◆ **EXERCISE OBJECTIVE**
All of the data below should be set down again verbatim, without any images.

◆ **PROVIDED MATERIAL**
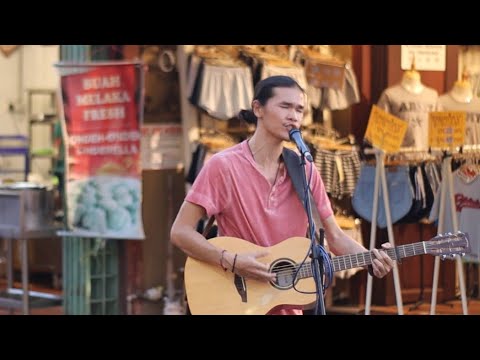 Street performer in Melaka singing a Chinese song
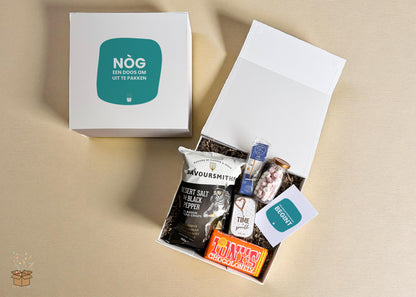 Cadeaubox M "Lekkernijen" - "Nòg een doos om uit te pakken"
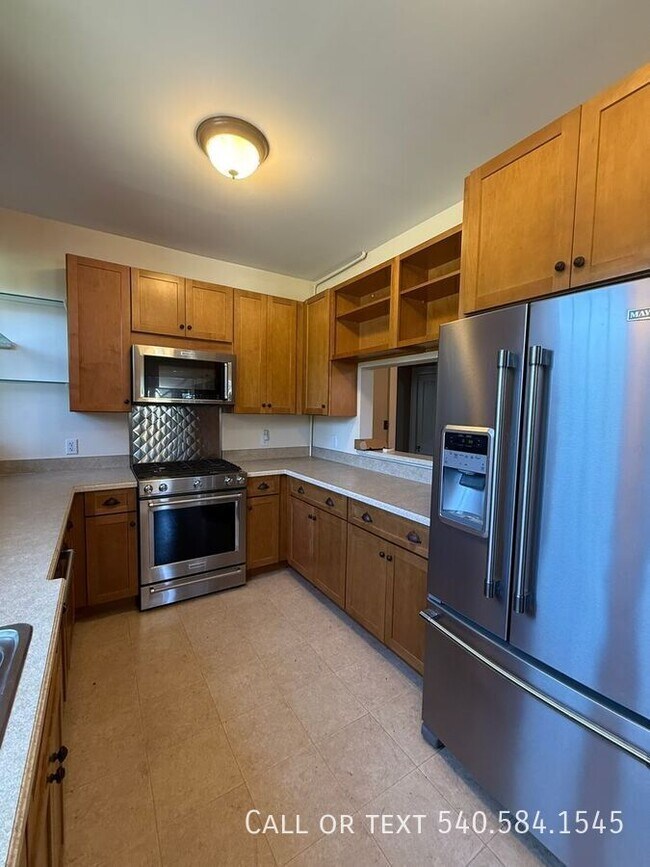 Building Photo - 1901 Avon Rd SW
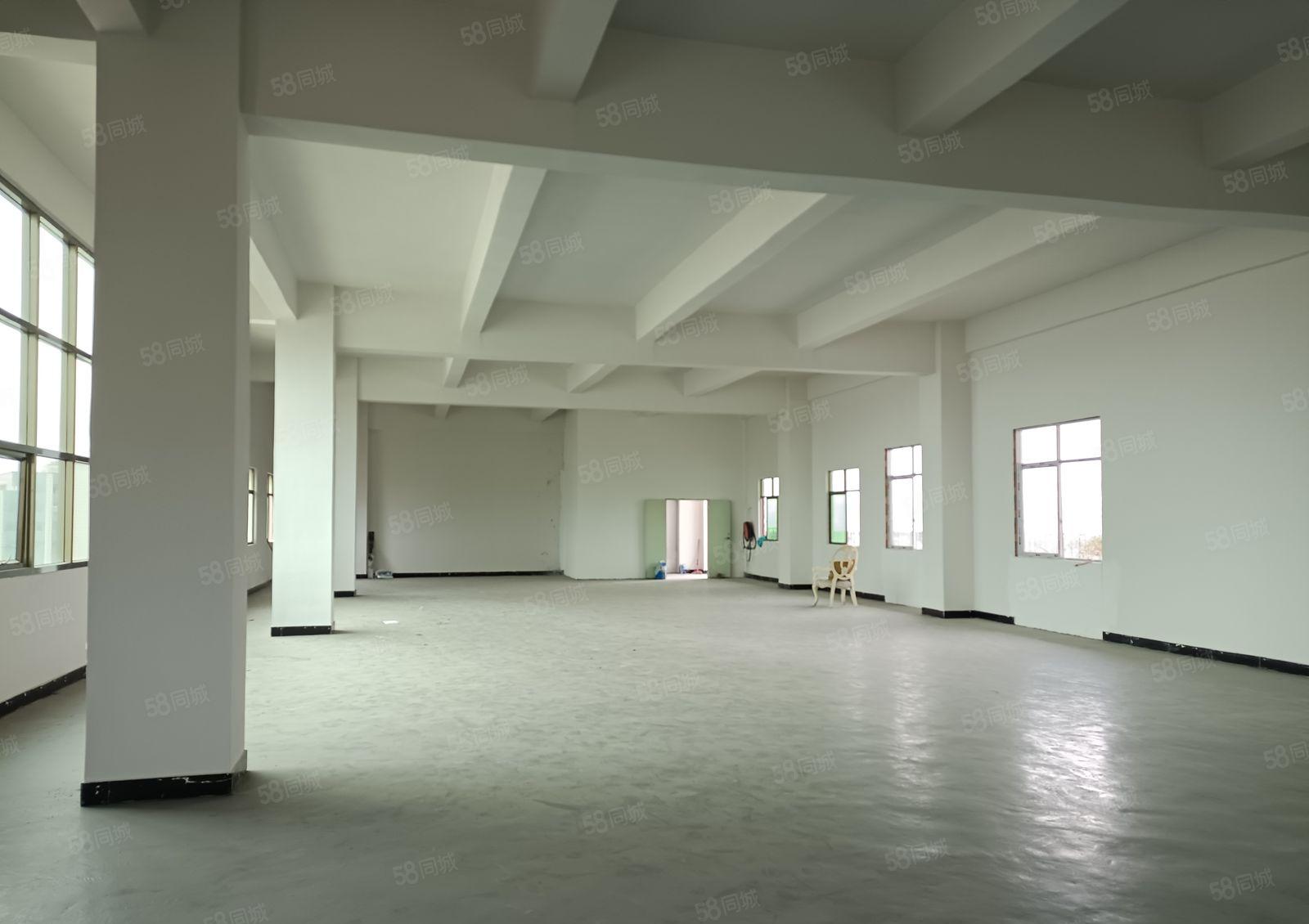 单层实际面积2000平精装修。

◆ **ANSWER FOR THE TASK**
 Street performer in Melaka singing a Chinese song
 Cadeaubox M "Lekkernijen" - "Nòg een doos om uit te pakken"
 Building Photo - 1901 Avon Rd SW
 单层实际面积2000平精装修。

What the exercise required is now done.